How to implement a dictionary (Trie vs HashTable and important issues)?

22,995

Solution 1

I want to address just one point in your question:

A trie is not a general-purpose dictionary data structure. The reason is that a trie is a specialized search tree for (sub)string search. Generally, you will be more interested in general search trees, e.g. binary search trees or B-trees.

All these implementations rely on an ordering of the dictionary elements, and all of them have a logarithmic average-case and worst-case runtime for common operations.

A hash table, by contrast, does not require a relative ordering of the elements. Instead, it requires that elements are hashable and equality comparable. The worst-case characteristic of common hash table characteristics is much worse than for trees, namely linear in the number of elements.

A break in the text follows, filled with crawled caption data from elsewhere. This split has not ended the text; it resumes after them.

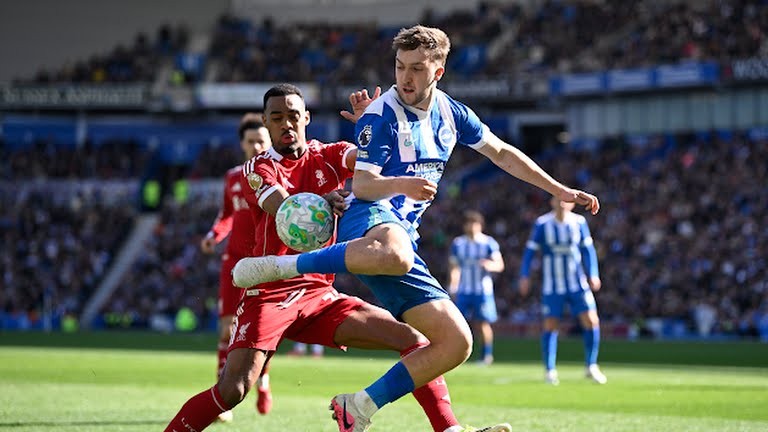 Ryan Gravenberch (6,3): Thi đấu mạnh mẽ ở khu trung tuyến trong giai đoạn đầu, nhưng lại lùi quá sâu và để mất người theo kèm trong tình huống Welbeck hoàn tất cú đúp.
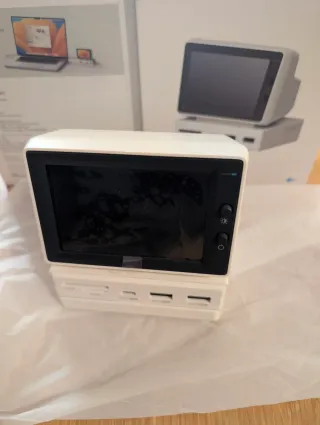 Mini Monitor HAGiBiS USB-C Docking Station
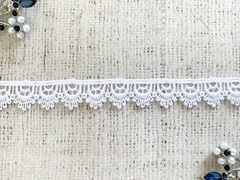 Кружево плетеное, ш. 1,3 см, белый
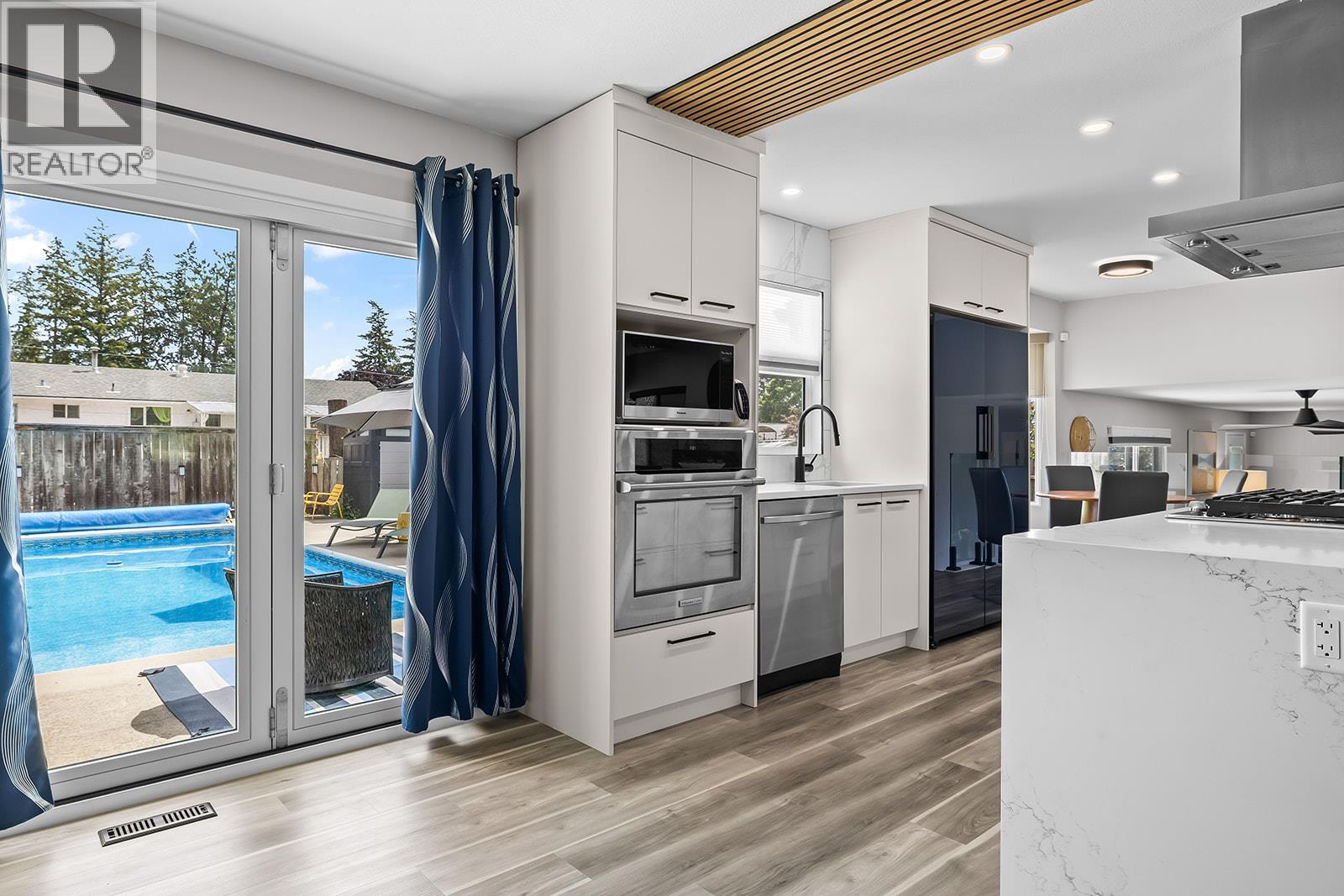 3239 McIver Road - 4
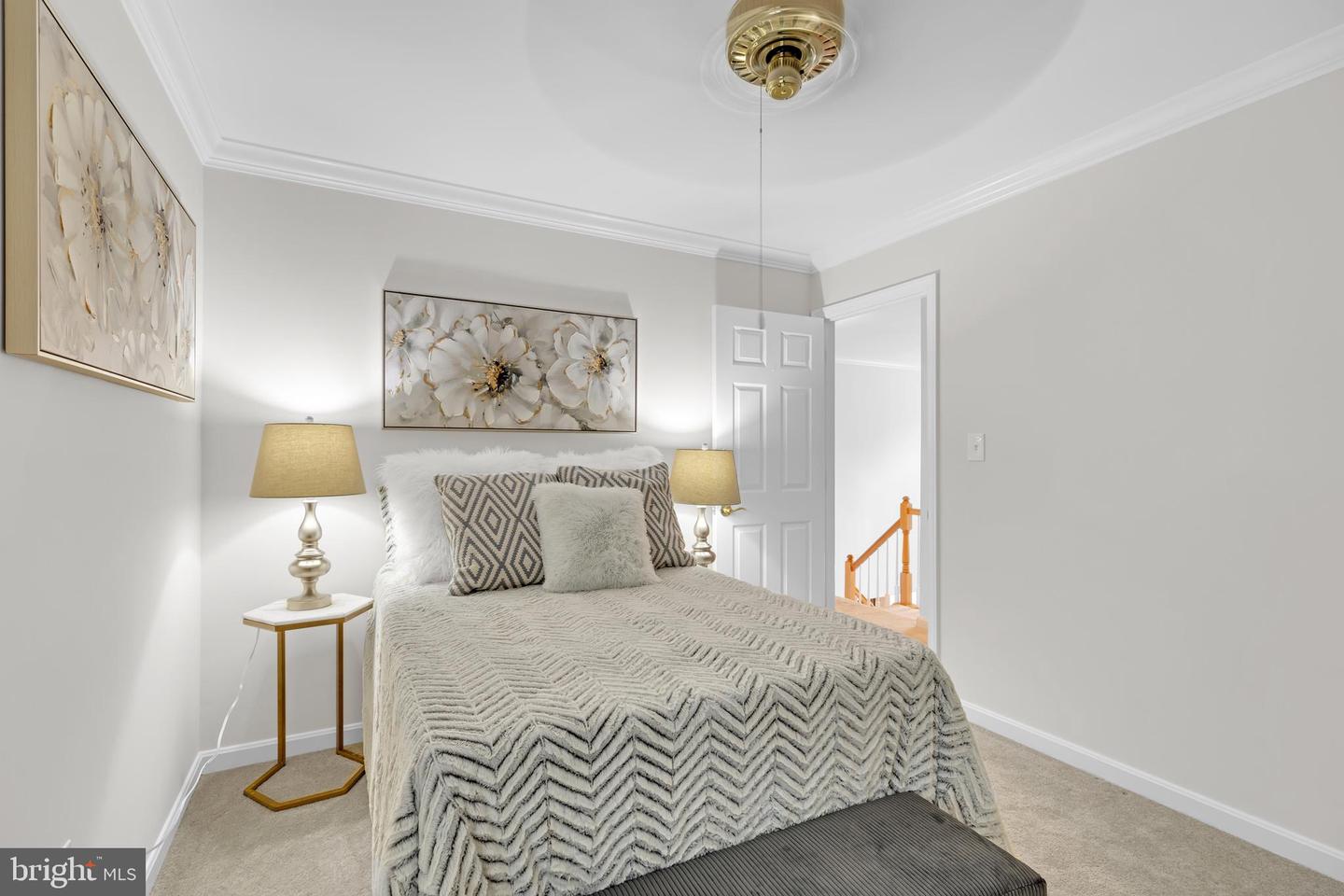 9112 SILVER POINTE WAY, FAIRFAX STATION, Virginia 22039, 5 Bedrooms Bedrooms, ,3 BathroomsBathrooms,Residential,For sale,9112 SILVER POINTE WAY,VAFX2252402 MLS # VAFX2252402
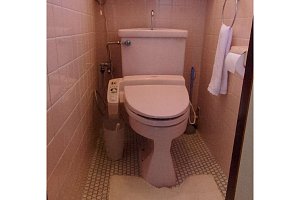 トイレ　トイレリフォーム　リフォーム　トイレ交換　TOTO　ｳｫｼｭﾚｯﾄ一体型 ZR1 ﾘﾌｫｰﾑ配/手洗付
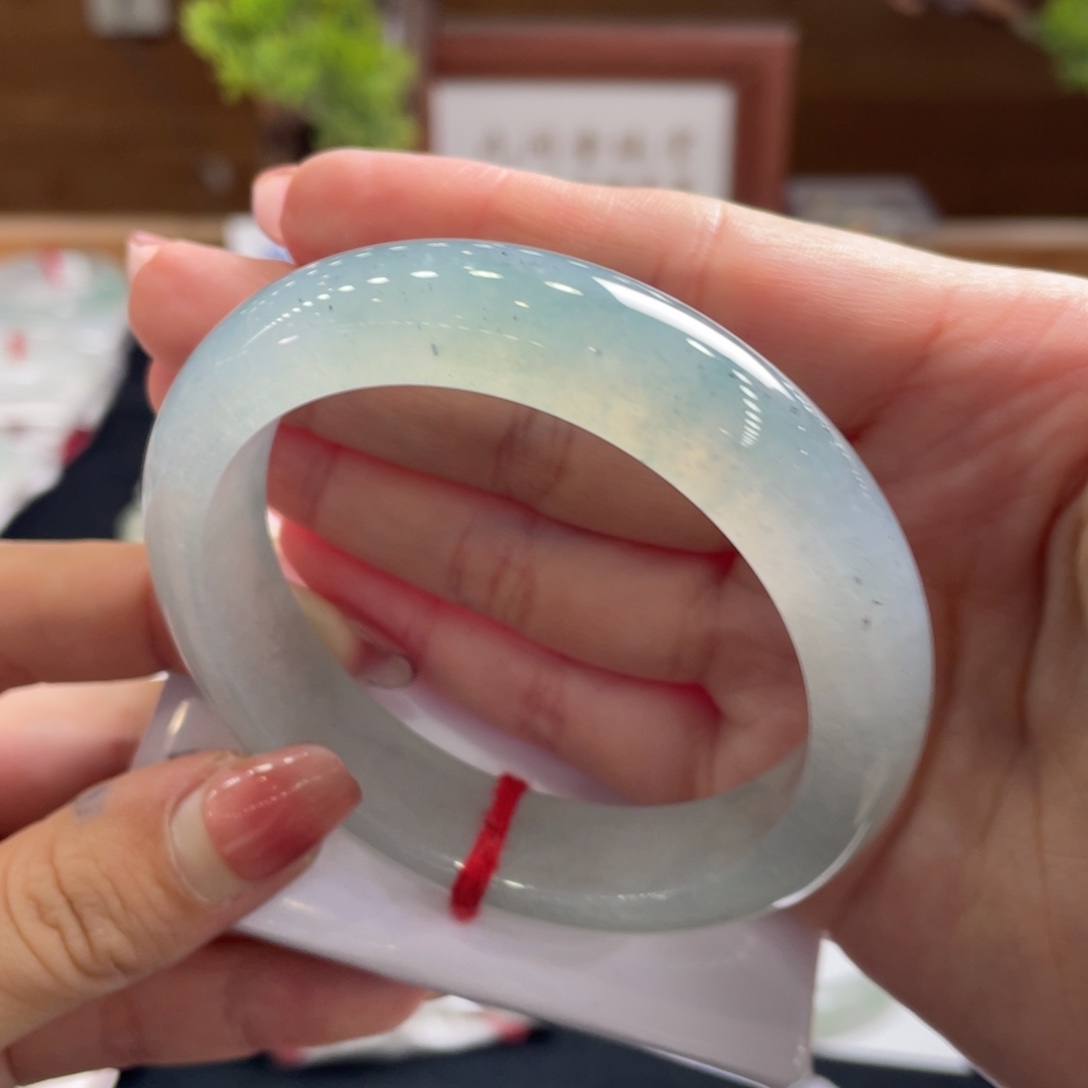 翡翠手镯未镶嵌57.1正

However, with a bit of care the average case for hash tables operations can be made constant (i.e. independent of the container size). What’s more, it can be proven that slower operations are exceedingly rare.

In practice, this means that except for very specialized use-cases, hash tables beat tree-based dictionaries hands down.

The downside to this is that hash tables impose an arbitrary-seeming order on its elements. If you are interested in getting the items from your dictionary in sorted order, hash tables are not for you.

(There are other interesting implementations of dictionaries, e.g. skip lists which rival search trees and probabilistic implementations like the Bloom filter.)

A trie-based implementation can only be used if you are dealing with a dictionary of string values, in which case it is actually often a good choice, in particular if many strings in the dictionary share common prefixes and are rather short.

Solution 2

EDIT stop upvoting this: I misread the question. The OP is not after a dictionary to verify word spellings/suggestions/type-ahead-lookup/auto-completion/whatever (which I thought was what he was after). The OP is after a key/value mapping where for each word there's a definition.

Having worked on dictionaries, I can tell you that you're taking the wrong approach.

It's not as simple as a choice between an hashtable or a trie.

You mention Lingvo: it's much more than just a table.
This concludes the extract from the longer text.